There are two elements to what is ‘reasonably practicable’. A duty-holder must first consider what can be done – that is, what is possible in the circumstances for ensuring health and safety. They must then consider whether it is reasonable, in the circumstances to do all that is possible. This means that what can be done should be done unless it is reasonable in the circumstances for the duty-holder to do something less.

Worksafe  Australia

This is a real and intractable problem for standards that determine the degree of effort applied to treat a hazard using an initial assessment of risk (1). Nor can the legislation be put aside through appeals to such formalisms as the ALARP principle, or the invocation of a standard such as AS 61508 (2). In essence if you can do something, regardless of the degree of risk, then something should be done. 

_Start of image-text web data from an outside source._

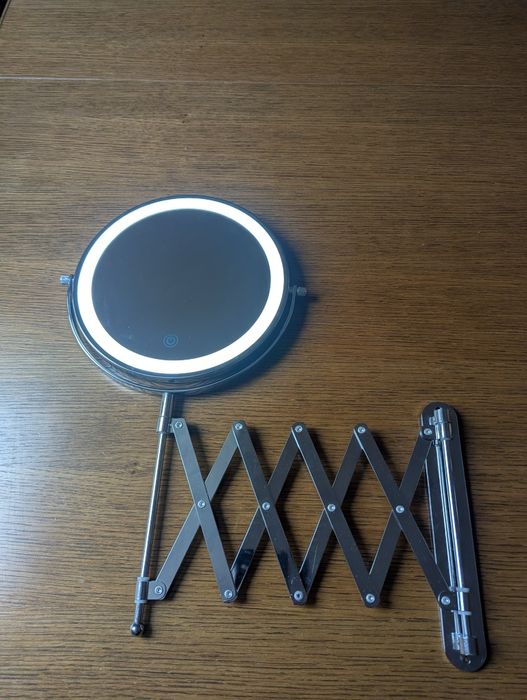 Lusterko kosmetyczne z podświetleniem Led akumulatorowymm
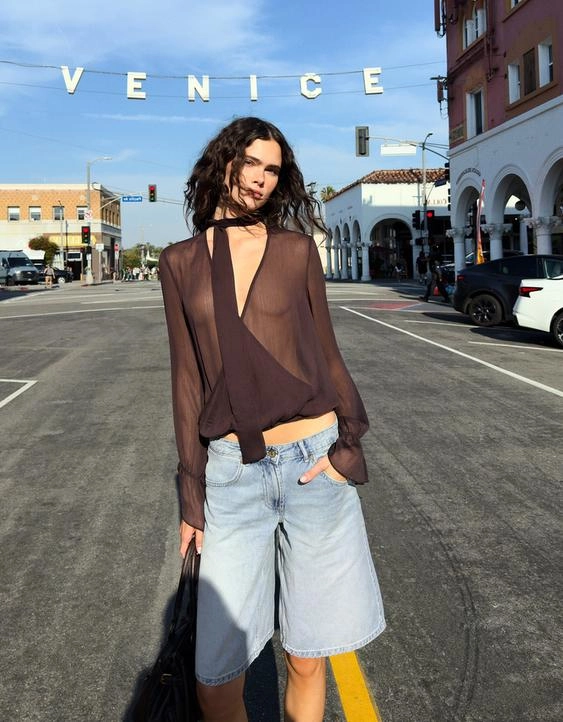 Bershka Джинсовые шорты свободного кроя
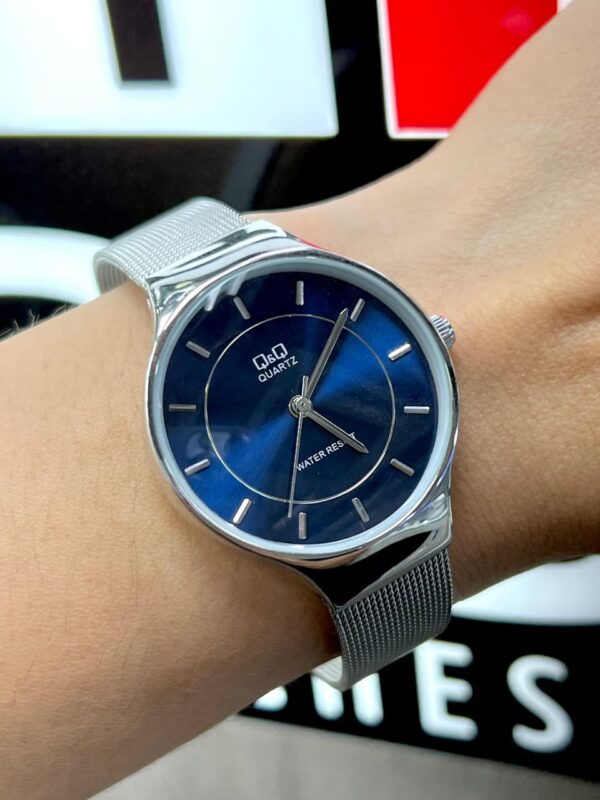 Q & Q relojes para mujer - Image 4
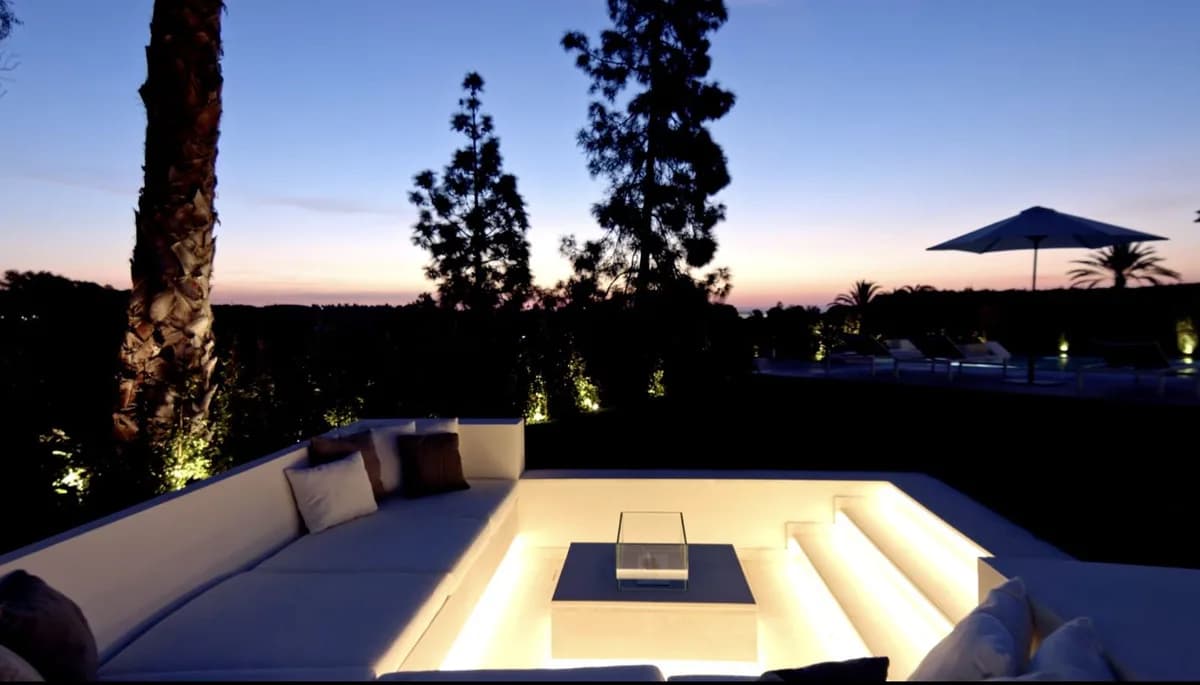 5 Bedroom Detached Villa for Sale in Aloha, Málaga - Image 4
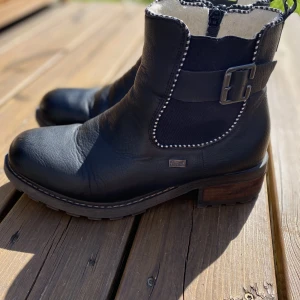 Rieker boots - Stl 38 med foder i använt skick.
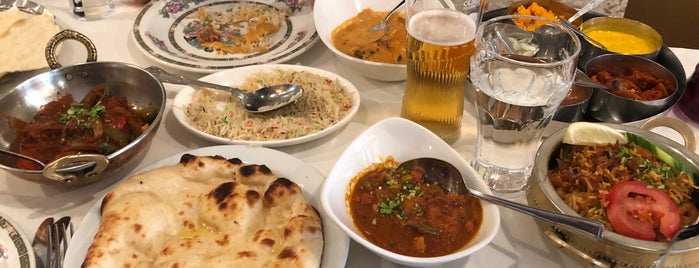 Muhib Indian Restaurant is one of Places in London for Jill.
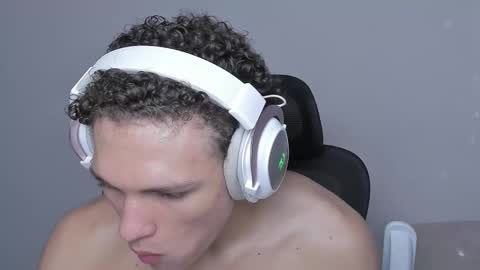 Snapshot of laureent__ chatting on October 23, 2025, 7:12 pm Laureent online show from October 23, 2025, 7:12 pm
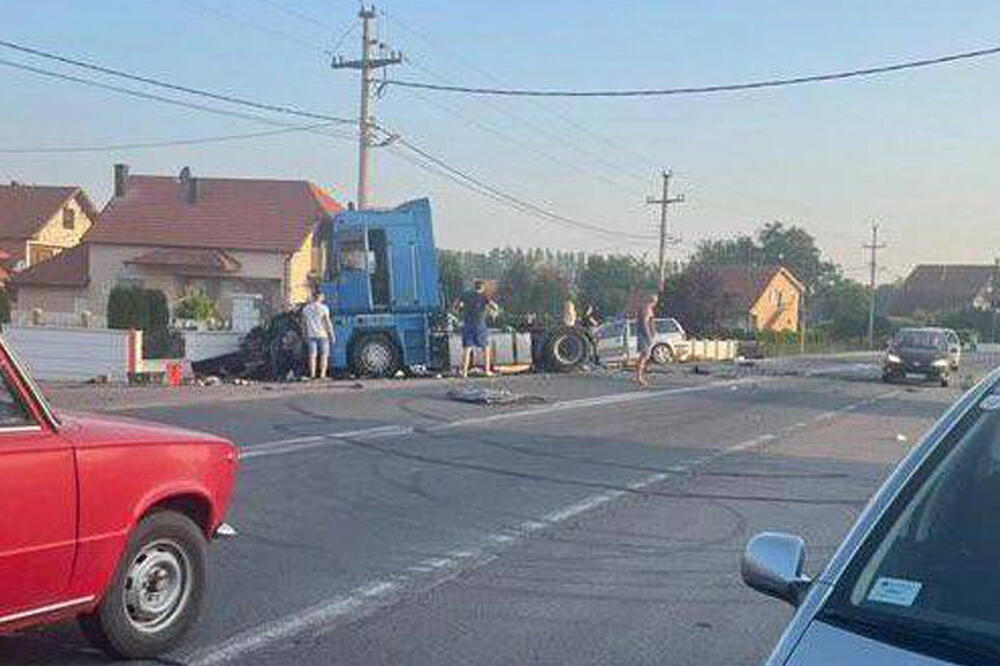 TEŠKA NESREĆA KOD LOZNICE: Automobil potpuno smrskan (FOTO)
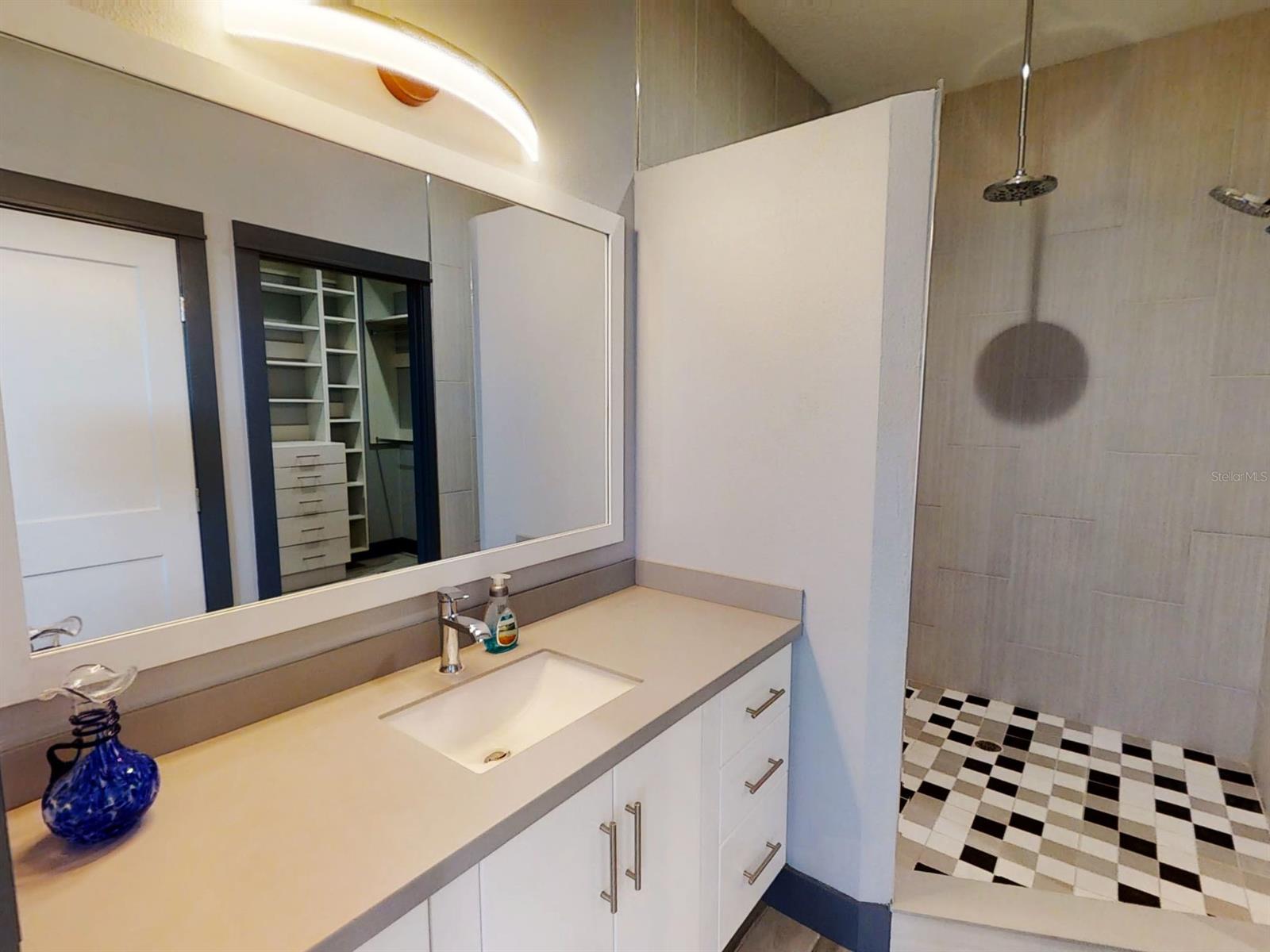 Detwilers Add 01 New Smyrna Bch - Residential Lease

An illustrative scenario. We are an Australian supplier of a control system for a laser cutting machine, and our scope of supply includes a guarding function. We elect to provide this function using software, because of its flexibility. We are a reputable company, we’ve done this before, and know our customers risk appetite, so we do the risk analysis using the risk approach of AS 61508, assess the safety integrity level (SIL 2 for arguments sake) we carry out the work to the required assurance level, are duly independently assessed as having done so and deliver our product, yay us… A year later after several hundred hours of operation a worker is severely injured by a failure of the guarding function. In the subsequent Workcover NSW investigation it turns out that a software error was the cause. Worse yet for the software team Workcover NSW also finds that there is prima facie a breach of the act, as the safety process applied by the company failed to meet the acts standard for due diligence.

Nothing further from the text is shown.